Insights from “Our Democracy in a Time of Pandemic: A Conversation with U.S. Senator Sherrod Brown”
The Corporations and Society Initiative hosted Senator Sherrod Brown for a public webinar on May 27th, 2020. We were delighted to hear his perspectives on the impact of Covid-19, perspectives on the upcoming 2020 election, and the many urgent challenges facing our country today. We invite you to watch the recording of Susannah Shattuck’s interview with Senator Brown on C-SPAN here or embedded below.
We have summarized seven ideas we heard from the Senator below (cue listicle!).
- The United States should re-invest in public health. Senator Brown emphasized how the United States previously led efforts to eradicate and prevent infectious diseases like smallpox, polio, diphtheria, and Ebola. Comparing the United States’ reaction to the current pandemic to that of South Korea, Senator Brown argued that this was not a failure of our scientists or doctors, but rather a lack of strong public health leadership. He noted that the US makes up 5% of the global population and 31% of worldwide Covid-19 deaths. In his closing remarks, he urged MBAs to apply their understanding and learnings to public health problems.
- We should shift back to the stakeholder instead of the shareholder. As he discussed stakeholder capitalism, Senator Brown noted that in the past, managers would feel like they owed something to their communities, employees, and customers. But in the current state of capitalism, he remarked, there seems to be a mentality, “Why should I think about other people?” amongst business leaders. He is encouraged, however, by recent statements on corporate responsibility and stakeholder capitalism from corporate leaders like J.P. Morgan Chase CEO Jamie Dimon.

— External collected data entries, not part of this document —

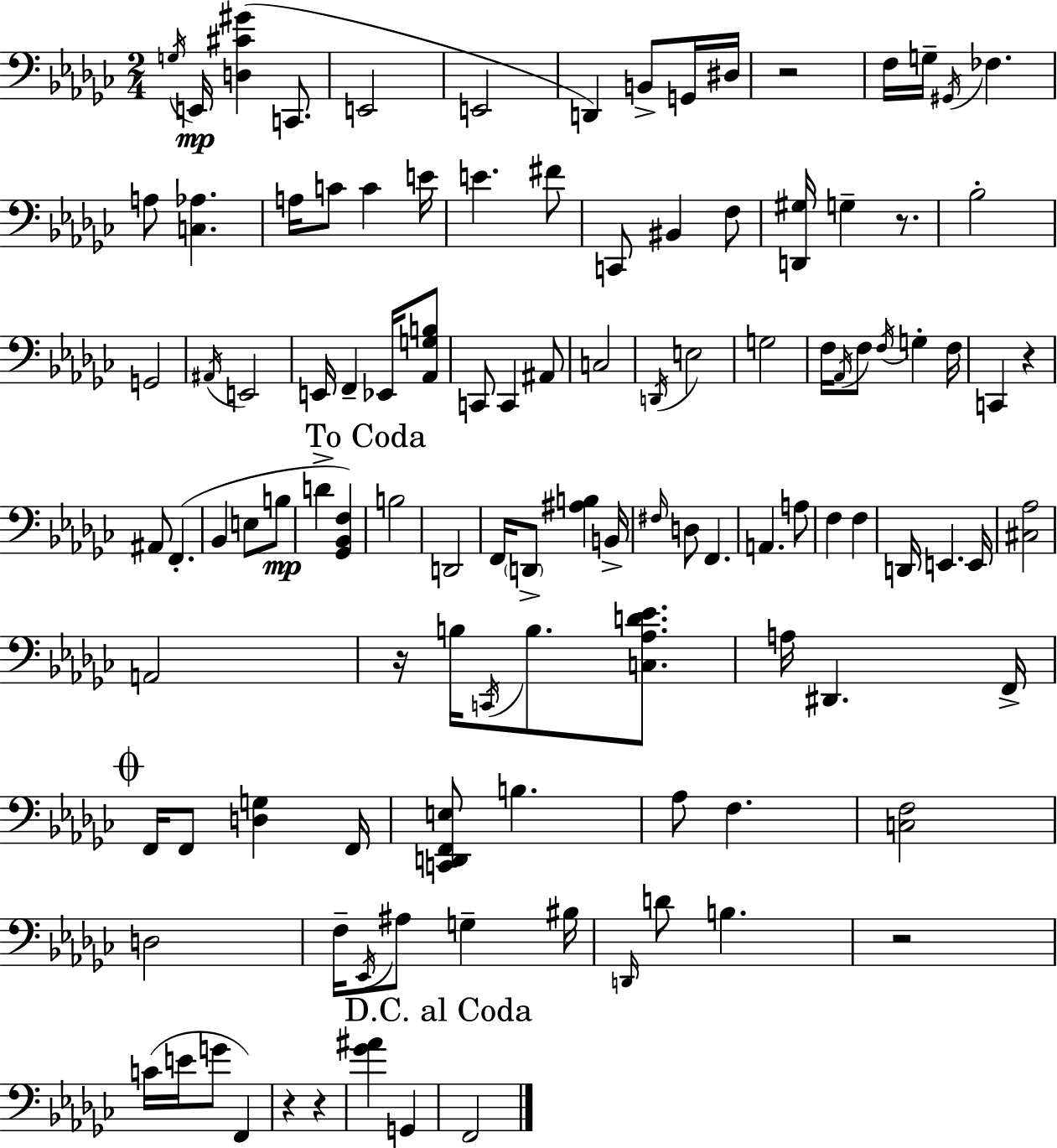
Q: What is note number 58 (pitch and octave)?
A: D3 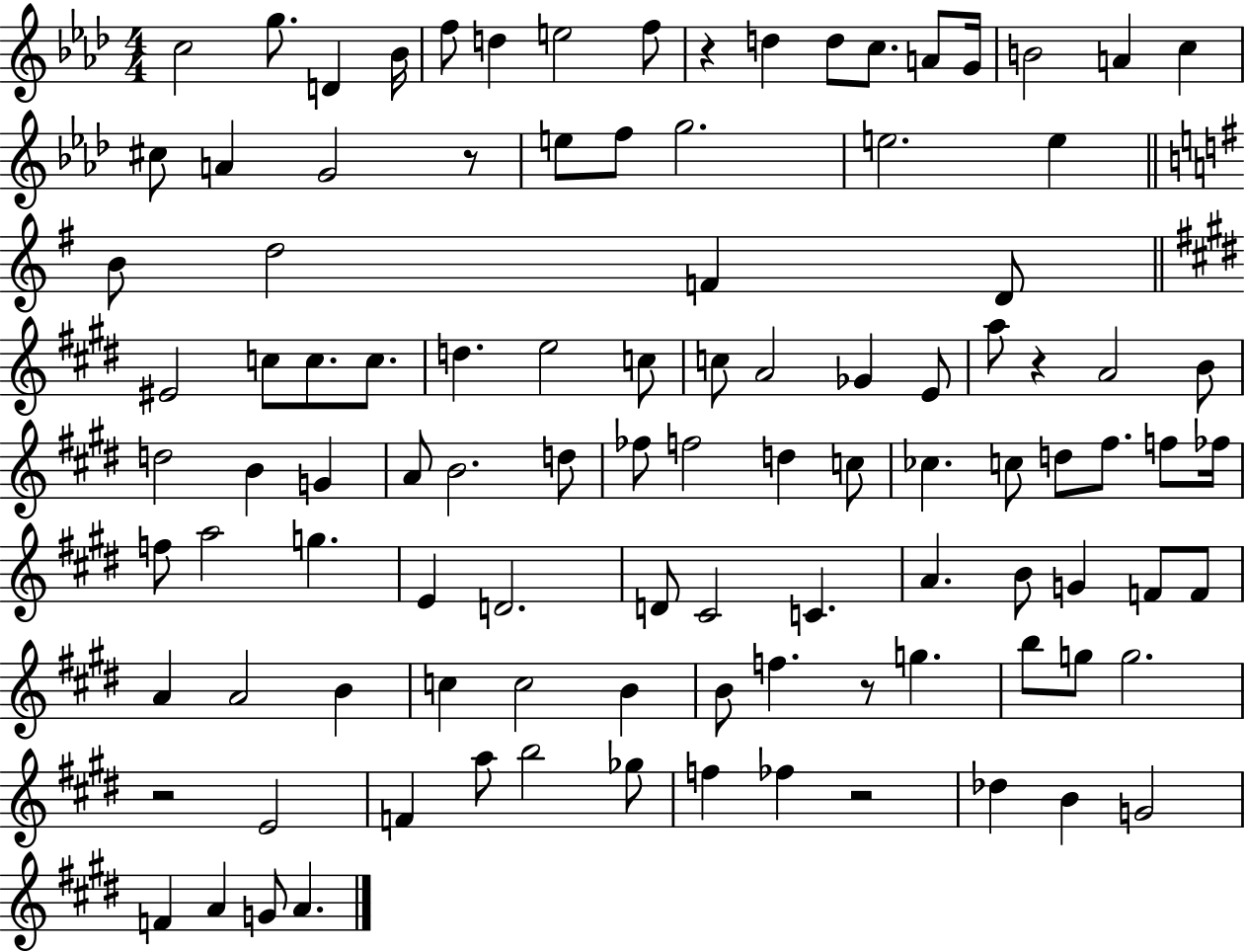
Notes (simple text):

C5/h G5/e. D4/q Bb4/s F5/e D5/q E5/h F5/e R/q D5/q D5/e C5/e. A4/e G4/s B4/h A4/q C5/q C#5/e A4/q G4/h R/e E5/e F5/e G5/h. E5/h. E5/q B4/e D5/h F4/q D4/e EIS4/h C5/e C5/e. C5/e. D5/q. E5/h C5/e C5/e A4/h Gb4/q E4/e A5/e R/q A4/h B4/e D5/h B4/q G4/q A4/e B4/h. D5/e FES5/e F5/h D5/q C5/e CES5/q. C5/e D5/e F#5/e. F5/e FES5/s F5/e A5/h G5/q. E4/q D4/h. D4/e C#4/h C4/q. A4/q. B4/e G4/q F4/e F4/e A4/q A4/h B4/q C5/q C5/h B4/q B4/e F5/q. R/e G5/q. B5/e G5/e G5/h. R/h E4/h F4/q A5/e B5/h Gb5/e F5/q FES5/q R/h Db5/q B4/q G4/h F4/q A4/q G4/e A4/q. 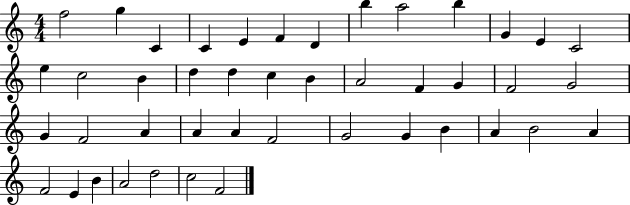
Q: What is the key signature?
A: C major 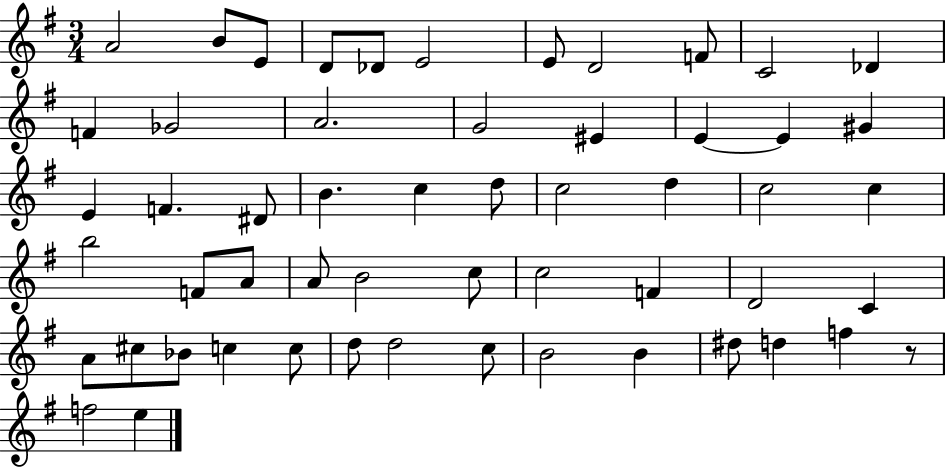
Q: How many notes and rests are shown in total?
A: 55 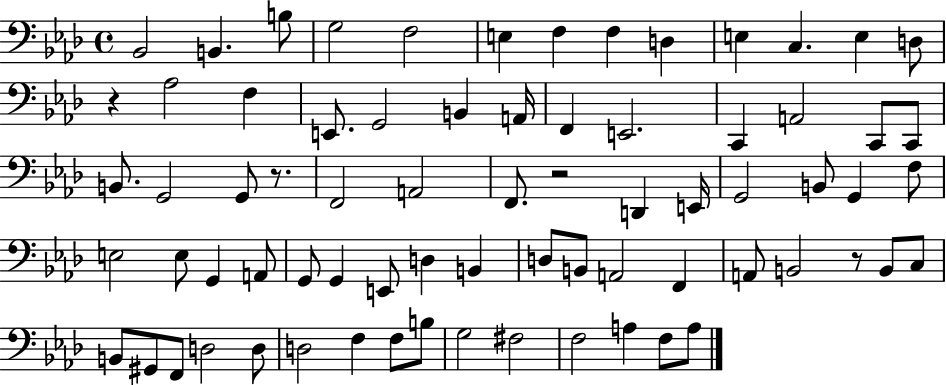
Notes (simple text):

Bb2/h B2/q. B3/e G3/h F3/h E3/q F3/q F3/q D3/q E3/q C3/q. E3/q D3/e R/q Ab3/h F3/q E2/e. G2/h B2/q A2/s F2/q E2/h. C2/q A2/h C2/e C2/e B2/e. G2/h G2/e R/e. F2/h A2/h F2/e. R/h D2/q E2/s G2/h B2/e G2/q F3/e E3/h E3/e G2/q A2/e G2/e G2/q E2/e D3/q B2/q D3/e B2/e A2/h F2/q A2/e B2/h R/e B2/e C3/e B2/e G#2/e F2/e D3/h D3/e D3/h F3/q F3/e B3/e G3/h F#3/h F3/h A3/q F3/e A3/e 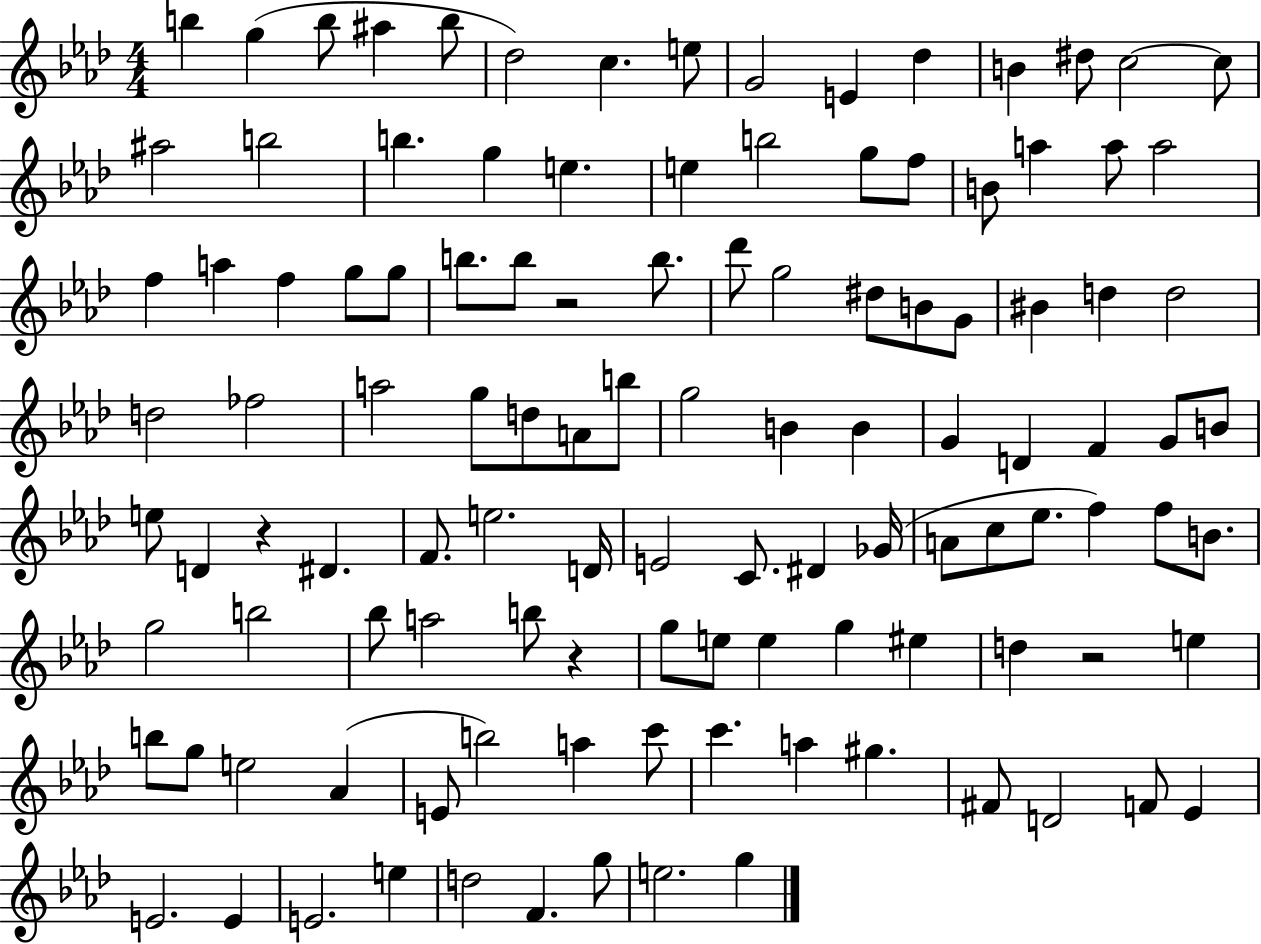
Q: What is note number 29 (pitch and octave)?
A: F5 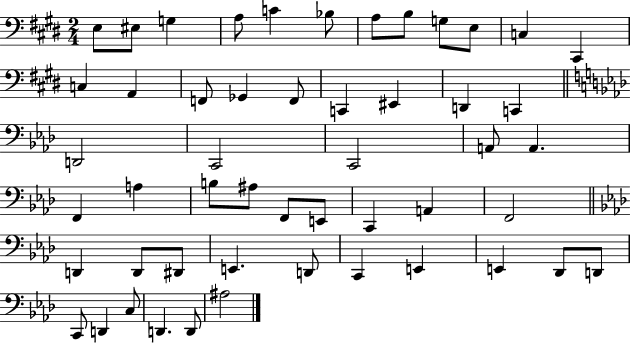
X:1
T:Untitled
M:2/4
L:1/4
K:E
E,/2 ^E,/2 G, A,/2 C _B,/2 A,/2 B,/2 G,/2 E,/2 C, ^C,, C, A,, F,,/2 _G,, F,,/2 C,, ^E,, D,, C,, D,,2 C,,2 C,,2 A,,/2 A,, F,, A, B,/2 ^A,/2 F,,/2 E,,/2 C,, A,, F,,2 D,, D,,/2 ^D,,/2 E,, D,,/2 C,, E,, E,, _D,,/2 D,,/2 C,,/2 D,, C,/2 D,, D,,/2 ^A,2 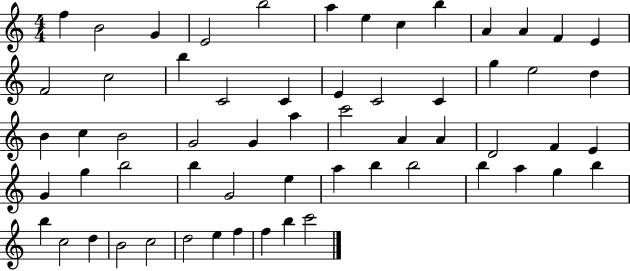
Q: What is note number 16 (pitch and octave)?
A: B5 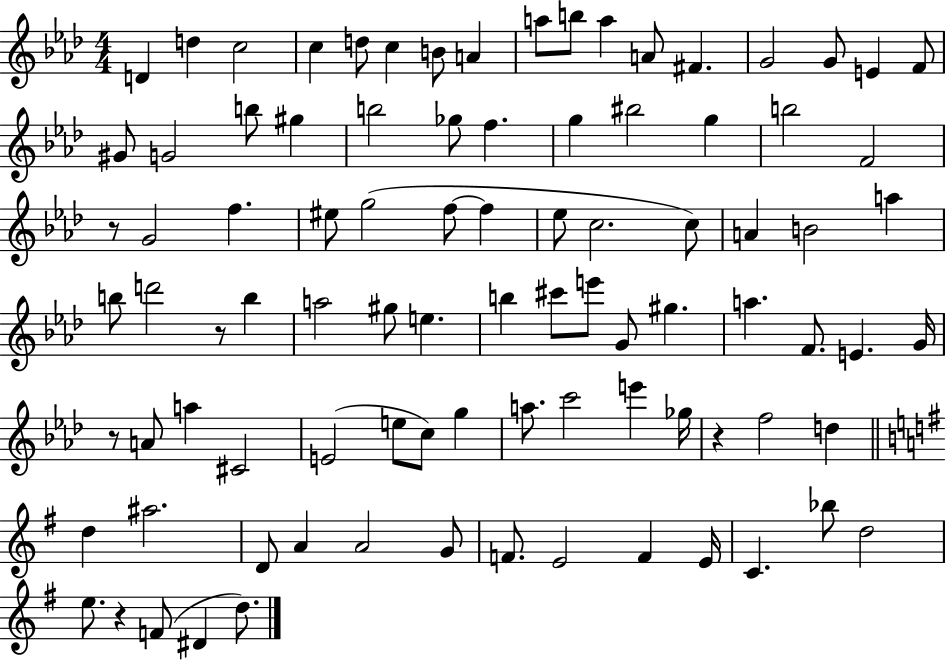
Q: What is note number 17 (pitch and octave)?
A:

- American workers need a better safety net. Senator Brown underscored the need to upend the “devolution of benefits.” He spoke about how the $600 per week unemployment benefit currently aids contract workers and gig economy workers, but this generous benefit likely will not exist after the crisis. With a significant portion of the American population putting half of their paycheck towards rent every month, it is important in Senator Brown’s perspective that real money gets into the pockets of people who need it the most. In thinking about additional economic recovery support for Americans, Senator Brown cited three new measures in addition to continuing the current support: 1) protecting people’s credit ratings 2) expanding the earned income tax credit, and 3) providing far more relief to states.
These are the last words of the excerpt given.